Thanks to Helen for the link.



  1. says

    You’re welcome, Ophelia. I’ll just repeat what I posted on your facebook page (I do not know this, obviously, it’s speculation):

    I suspect the problem may have been the way he recited the Koran. One of the main (and most obvious) differences between Sunnis and Shi’ites is the way both the Call to Prayer and the recitation are ‘pitched’ – the Shi’a version is about an octave higher. I can’t prove this is the case but Saudi Arabia is so batshit crazy that it wouldn’t surprise me.

  2. Friakel Wippans says

    Saudi Arabia is so batshit crazy that nothing should surprise us, but in this specific case, there is really not much to to be surprised about. Just another manifestation of the Wahhabi’s ingrained hatred for the Shia. Sunnis and Shia have detested each other for the past thirteen centuries but the conflict between Wahhabi and Shia is on an altogether level. Wahhabi clerics elevate that hatred for the Shia to outright calls for genocide on a regular basis.
    The connection to the Hajj is pretty intriguing though. Historically, the pilgrimage has been one of the very few long standing truces between the Sunni and the Shia, with unimpeded access and the right to accomplish the pilgrimage in their own ways without interferences for members of each denomination. And given their rather shaky legitimacy as guardians of Mecca and Medina, even the Saud clan has respected that principle relatively well so far, in spite of their nutjob Wahhabi allies.
    But here, Mansor Almaribe has been sentenced to death essentially for being a Shia and that affair sends a message to all Shia not to do the pilgrimage under the random risk of death. That’s a pretty big deal and a very risky step for the Saud, a radical move that goes against the relatively accommodating policies pursued by the Saud with their own Shia minority over the past decade.
    The uprising in Bahrain last spring, a Shia majority against Wahhabi rulers, may be playing a role. The Saud were mightily freaked out by the movement and their intervention to crush the revolt over there was explicitly cast as an anti-Shia action by the Saudi themselves. So that sentence against Mansor Almaribe may be in the continuation and the sign that the Wahhabi are now so worked up against the Shia that the Saud no longer care to even maintain the facade of toleration that surrounded the pilgrimage so far.
    If that’s correct, expect fireworks.

  3. says

    Thanks, Friakel. That makes sense of what seemed a puzzle – as the guardians of Mecca, do they really want to send the message that Shia risk their lives by going on the hajj?

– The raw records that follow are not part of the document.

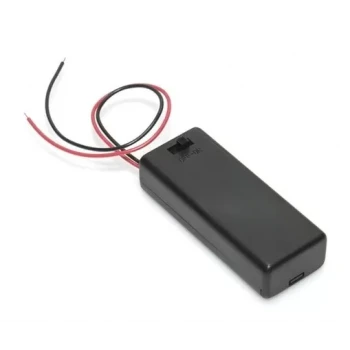 1-li AA Anahtarlı Kutulu Kalem Pil Yuvası Tekli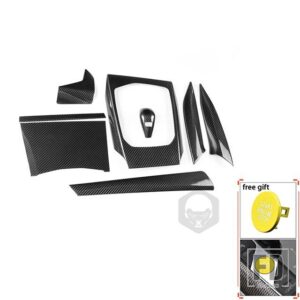 BMW カーボン 3/4シリーズ G20 G21 G22 G28 2020 2021 アクセサリーカーセンターコンソールダッシュボードサイドエア AC ベントギアトリム - 8pcs yellow key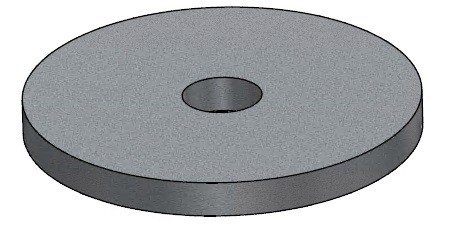 Sicherungsscheibe Verschraubungscheibe für Dreiwegegußschieber  4" 5" 6" 8"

    Religion: love and peace.

  4. Gregory says

    @crocswsocks #3 – Not only does the US trade with Saudi Arabia, they are our staunchest and most well supported Muslim ally. After 9/11 — 15 of the 19 hijackers were Saudi, and the attacks were funded by Wahabbi extremists — members of the Saudi royal family were given a unique exemption to the “no fly” law and allowed to leave the US on their own private jets. Technically, foreign aid to Saudi Arabia is against the law, but business deals, including the sale of US arms to the theocratic aboslute monarchy and the sale of oil to the US, amounts to tens of billions of dollars every year.

  5. Didaktylos says

    The only peace that religion brings bears a strong resemblance to the way that Caradoc of the Trinovantes described the Pax Romana when he was brought before Claudius Caesar.

  6. Stevarious says

    It’s the religion of peace just like all the others. If everyone believed the same way, there would be peace – never mind that that is a literal impossibility.